> **Exercise objective**
Repeat each entry exactly, but do not carry over the pictures.

> **Listed entries**
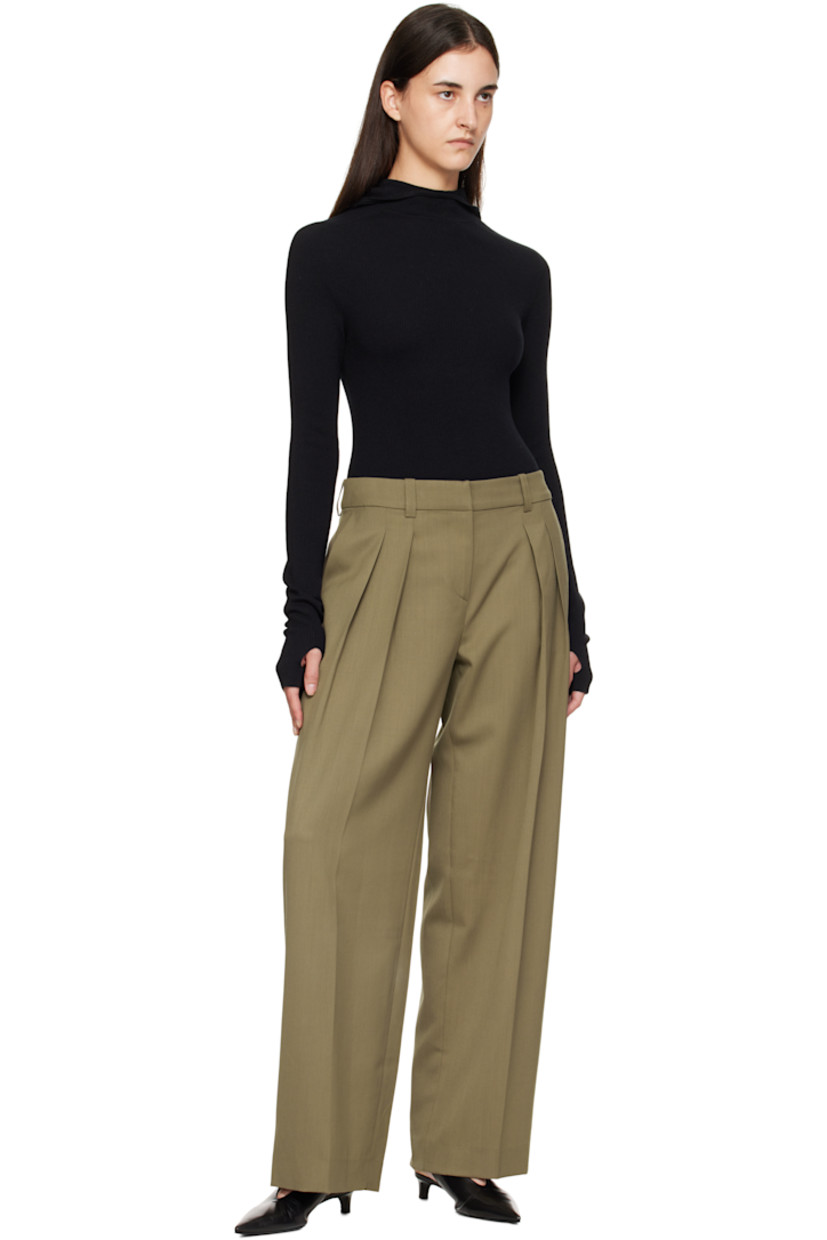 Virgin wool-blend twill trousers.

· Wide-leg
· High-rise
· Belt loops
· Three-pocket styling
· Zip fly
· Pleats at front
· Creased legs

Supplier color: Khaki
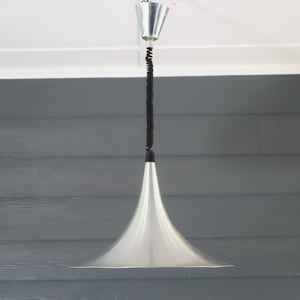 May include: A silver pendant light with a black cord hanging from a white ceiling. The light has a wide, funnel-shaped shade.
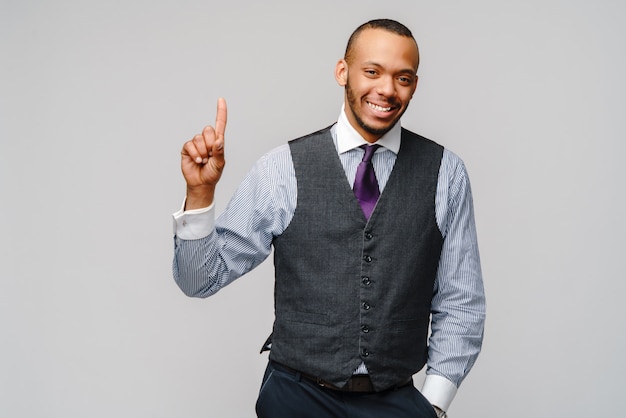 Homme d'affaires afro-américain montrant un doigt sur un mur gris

> **Task output**
 Virgin wool-blend twill trousers.

· Wide-leg
· High-rise
· Belt loops
· Three-pocket styling
· Zip fly
· Pleats at front
· Creased legs

Supplier color: Khaki
 May include: A silver pendant light with a black cord hanging from a white ceiling. The light has a wide, funnel-shaped shade.
 Homme d'affaires afro-américain montrant un doigt sur un mur gris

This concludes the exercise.